> [ACTIVITY] Look below for the line with "78 Bus Line Map", then give it again exactly, along with every line that comes after it, the final line included.

Top of DATA FOR THIS EXERCISE

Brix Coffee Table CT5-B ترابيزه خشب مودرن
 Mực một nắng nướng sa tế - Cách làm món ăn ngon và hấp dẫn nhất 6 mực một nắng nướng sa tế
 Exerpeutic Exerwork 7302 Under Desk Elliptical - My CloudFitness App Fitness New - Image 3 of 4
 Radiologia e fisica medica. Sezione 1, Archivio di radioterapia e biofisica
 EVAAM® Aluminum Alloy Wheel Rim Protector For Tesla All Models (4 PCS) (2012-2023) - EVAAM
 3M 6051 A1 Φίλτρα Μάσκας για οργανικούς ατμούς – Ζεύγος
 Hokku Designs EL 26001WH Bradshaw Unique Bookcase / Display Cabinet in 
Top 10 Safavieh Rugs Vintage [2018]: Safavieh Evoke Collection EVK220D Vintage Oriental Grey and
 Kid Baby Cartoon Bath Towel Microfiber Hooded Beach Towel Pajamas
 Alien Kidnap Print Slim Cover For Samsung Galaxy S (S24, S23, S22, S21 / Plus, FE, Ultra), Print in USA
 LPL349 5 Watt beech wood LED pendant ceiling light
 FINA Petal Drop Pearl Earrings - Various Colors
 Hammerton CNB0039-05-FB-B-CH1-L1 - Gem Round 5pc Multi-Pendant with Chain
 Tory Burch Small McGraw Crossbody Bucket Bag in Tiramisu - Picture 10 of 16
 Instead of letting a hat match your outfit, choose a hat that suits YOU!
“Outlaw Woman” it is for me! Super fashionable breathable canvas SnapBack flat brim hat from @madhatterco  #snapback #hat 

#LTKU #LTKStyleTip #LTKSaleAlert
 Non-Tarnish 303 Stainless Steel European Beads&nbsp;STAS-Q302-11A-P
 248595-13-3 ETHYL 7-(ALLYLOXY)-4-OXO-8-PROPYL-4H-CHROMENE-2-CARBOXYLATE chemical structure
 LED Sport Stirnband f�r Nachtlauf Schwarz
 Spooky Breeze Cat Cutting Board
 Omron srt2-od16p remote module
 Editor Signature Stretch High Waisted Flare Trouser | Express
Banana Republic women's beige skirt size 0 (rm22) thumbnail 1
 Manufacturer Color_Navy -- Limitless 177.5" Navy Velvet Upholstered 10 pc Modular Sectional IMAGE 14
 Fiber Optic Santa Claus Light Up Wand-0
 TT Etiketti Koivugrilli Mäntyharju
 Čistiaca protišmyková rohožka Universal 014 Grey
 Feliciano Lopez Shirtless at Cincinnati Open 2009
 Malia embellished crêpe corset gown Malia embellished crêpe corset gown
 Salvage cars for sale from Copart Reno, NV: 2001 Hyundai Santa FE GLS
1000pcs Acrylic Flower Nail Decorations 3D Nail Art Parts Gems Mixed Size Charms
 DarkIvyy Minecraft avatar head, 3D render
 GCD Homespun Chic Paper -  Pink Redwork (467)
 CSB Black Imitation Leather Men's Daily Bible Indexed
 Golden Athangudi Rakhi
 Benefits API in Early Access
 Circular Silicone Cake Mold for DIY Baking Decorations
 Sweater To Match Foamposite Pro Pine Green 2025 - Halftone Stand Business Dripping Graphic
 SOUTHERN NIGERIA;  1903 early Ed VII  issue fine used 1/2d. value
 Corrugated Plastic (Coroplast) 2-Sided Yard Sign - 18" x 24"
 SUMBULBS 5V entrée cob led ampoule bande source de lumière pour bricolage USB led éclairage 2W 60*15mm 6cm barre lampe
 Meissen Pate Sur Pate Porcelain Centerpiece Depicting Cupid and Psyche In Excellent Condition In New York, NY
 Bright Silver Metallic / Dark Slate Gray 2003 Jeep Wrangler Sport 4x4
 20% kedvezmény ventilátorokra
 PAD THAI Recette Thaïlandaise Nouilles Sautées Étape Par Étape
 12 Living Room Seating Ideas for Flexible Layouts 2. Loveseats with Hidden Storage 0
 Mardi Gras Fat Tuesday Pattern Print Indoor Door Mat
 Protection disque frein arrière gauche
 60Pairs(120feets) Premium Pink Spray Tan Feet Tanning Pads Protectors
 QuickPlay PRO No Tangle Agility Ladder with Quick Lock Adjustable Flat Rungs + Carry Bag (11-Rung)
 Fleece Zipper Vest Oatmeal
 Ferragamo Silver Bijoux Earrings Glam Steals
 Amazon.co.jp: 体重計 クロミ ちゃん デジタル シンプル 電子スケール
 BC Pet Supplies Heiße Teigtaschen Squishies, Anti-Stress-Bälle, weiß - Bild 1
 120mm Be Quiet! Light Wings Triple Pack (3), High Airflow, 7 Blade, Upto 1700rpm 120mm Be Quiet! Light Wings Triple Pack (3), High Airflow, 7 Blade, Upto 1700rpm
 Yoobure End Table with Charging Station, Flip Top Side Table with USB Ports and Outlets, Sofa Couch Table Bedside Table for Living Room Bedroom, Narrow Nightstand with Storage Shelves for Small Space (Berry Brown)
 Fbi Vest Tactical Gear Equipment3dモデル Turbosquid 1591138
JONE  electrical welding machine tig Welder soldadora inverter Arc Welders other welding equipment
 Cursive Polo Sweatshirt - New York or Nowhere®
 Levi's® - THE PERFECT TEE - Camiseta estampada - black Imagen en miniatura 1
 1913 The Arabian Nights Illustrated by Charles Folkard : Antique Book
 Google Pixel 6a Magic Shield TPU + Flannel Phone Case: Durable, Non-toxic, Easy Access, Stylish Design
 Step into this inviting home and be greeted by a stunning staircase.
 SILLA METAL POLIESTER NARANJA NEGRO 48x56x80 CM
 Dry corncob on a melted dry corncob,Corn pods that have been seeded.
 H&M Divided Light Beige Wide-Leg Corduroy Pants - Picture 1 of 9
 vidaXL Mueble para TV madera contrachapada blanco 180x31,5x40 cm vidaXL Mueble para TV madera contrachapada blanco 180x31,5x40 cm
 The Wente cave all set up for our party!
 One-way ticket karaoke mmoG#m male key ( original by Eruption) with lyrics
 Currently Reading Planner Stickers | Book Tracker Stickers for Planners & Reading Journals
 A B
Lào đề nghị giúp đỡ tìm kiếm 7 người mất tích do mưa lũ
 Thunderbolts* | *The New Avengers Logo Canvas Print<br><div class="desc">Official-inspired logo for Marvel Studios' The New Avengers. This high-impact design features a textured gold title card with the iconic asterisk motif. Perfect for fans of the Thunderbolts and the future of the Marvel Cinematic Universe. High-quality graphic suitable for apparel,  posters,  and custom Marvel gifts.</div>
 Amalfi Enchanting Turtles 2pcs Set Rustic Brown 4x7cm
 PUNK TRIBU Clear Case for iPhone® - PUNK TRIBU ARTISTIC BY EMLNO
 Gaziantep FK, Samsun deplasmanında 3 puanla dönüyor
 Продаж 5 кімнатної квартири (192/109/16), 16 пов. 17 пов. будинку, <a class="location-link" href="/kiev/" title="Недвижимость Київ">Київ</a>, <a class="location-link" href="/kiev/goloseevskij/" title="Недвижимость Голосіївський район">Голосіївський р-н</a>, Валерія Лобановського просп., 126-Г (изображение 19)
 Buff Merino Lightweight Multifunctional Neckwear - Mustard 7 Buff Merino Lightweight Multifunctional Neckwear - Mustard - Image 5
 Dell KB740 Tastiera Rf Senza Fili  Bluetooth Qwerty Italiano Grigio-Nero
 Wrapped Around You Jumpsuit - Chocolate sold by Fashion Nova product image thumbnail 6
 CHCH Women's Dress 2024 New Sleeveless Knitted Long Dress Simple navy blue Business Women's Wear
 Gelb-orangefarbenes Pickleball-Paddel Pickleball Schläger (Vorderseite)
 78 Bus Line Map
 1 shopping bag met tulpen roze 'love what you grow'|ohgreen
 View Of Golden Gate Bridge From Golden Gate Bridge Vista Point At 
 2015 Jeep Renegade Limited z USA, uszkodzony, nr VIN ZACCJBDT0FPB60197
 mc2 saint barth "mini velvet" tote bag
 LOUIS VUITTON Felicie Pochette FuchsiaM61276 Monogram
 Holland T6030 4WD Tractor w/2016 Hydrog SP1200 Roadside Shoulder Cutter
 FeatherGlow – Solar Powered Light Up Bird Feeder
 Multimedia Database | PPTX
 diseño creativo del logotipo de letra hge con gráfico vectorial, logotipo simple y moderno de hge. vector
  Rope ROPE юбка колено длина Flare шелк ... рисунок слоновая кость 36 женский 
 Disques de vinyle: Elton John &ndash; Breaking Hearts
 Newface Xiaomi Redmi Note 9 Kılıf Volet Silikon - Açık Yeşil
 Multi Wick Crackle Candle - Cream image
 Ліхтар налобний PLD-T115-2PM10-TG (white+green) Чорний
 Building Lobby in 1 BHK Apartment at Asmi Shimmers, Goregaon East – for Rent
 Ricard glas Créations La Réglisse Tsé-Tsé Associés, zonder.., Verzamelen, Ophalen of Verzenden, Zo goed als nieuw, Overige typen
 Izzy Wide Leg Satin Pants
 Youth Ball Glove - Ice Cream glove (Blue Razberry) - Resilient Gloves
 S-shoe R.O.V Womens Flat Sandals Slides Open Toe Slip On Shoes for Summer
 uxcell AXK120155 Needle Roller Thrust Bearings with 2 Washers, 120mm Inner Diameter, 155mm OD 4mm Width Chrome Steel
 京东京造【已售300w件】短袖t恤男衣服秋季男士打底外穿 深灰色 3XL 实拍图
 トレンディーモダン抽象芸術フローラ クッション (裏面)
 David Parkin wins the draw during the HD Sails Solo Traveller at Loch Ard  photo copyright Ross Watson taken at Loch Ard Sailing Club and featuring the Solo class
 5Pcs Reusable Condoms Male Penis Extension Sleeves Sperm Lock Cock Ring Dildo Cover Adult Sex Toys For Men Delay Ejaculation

Bottom of DATA FOR THIS EXERCISE

> [TASK ANSWER]
 78 Bus Line Map
 1 shopping bag met tulpen roze 'love what you grow'|ohgreen
 View Of Golden Gate Bridge From Golden Gate Bridge Vista Point At 
 2015 Jeep Renegade Limited z USA, uszkodzony, nr VIN ZACCJBDT0FPB60197
 mc2 saint barth "mini velvet" tote bag
 LOUIS VUITTON Felicie Pochette FuchsiaM61276 Monogram
 Holland T6030 4WD Tractor w/2016 Hydrog SP1200 Roadside Shoulder Cutter
 FeatherGlow – Solar Powered Light Up Bird Feeder
 Multimedia Database | PPTX
 diseño creativo del logotipo de letra hge con gráfico vectorial, logotipo simple y moderno de hge. vector
  Rope ROPE юбка колено длина Flare шелк ... рисунок слоновая кость 36 женский 
 Disques de vinyle: Elton John &ndash; Breaking Hearts
 Newface Xiaomi Redmi Note 9 Kılıf Volet Silikon - Açık Yeşil
 Multi Wick Crackle Candle - Cream image
 Ліхтар налобний PLD-T115-2PM10-TG (white+green) Чорний
 Building Lobby in 1 BHK Apartment at Asmi Shimmers, Goregaon East – for Rent
 Ricard glas Créations La Réglisse Tsé-Tsé Associés, zonder.., Verzamelen, Ophalen of Verzenden, Zo goed als nieuw, Overige typen
 Izzy Wide Leg Satin Pants
 Youth Ball Glove - Ice Cream glove (Blue Razberry) - Resilient Gloves
 S-shoe R.O.V Womens Flat Sandals Slides Open Toe Slip On Shoes for Summer
 uxcell AXK120155 Needle Roller Thrust Bearings with 2 Washers, 120mm Inner Diameter, 155mm OD 4mm Width Chrome Steel
 京东京造【已售300w件】短袖t恤男衣服秋季男士打底外穿 深灰色 3XL 实拍图
 トレンディーモダン抽象芸術フローラ クッション (裏面)
 David Parkin wins the draw during the HD Sails Solo Traveller at Loch Ard  photo copyright Ross Watson taken at Loch Ard Sailing Club and featuring the Solo class
 5Pcs Reusable Condoms Male Penis Extension Sleeves Sperm Lock Cock Ring Dildo Cover Adult Sex Toys For Men Delay Ejaculation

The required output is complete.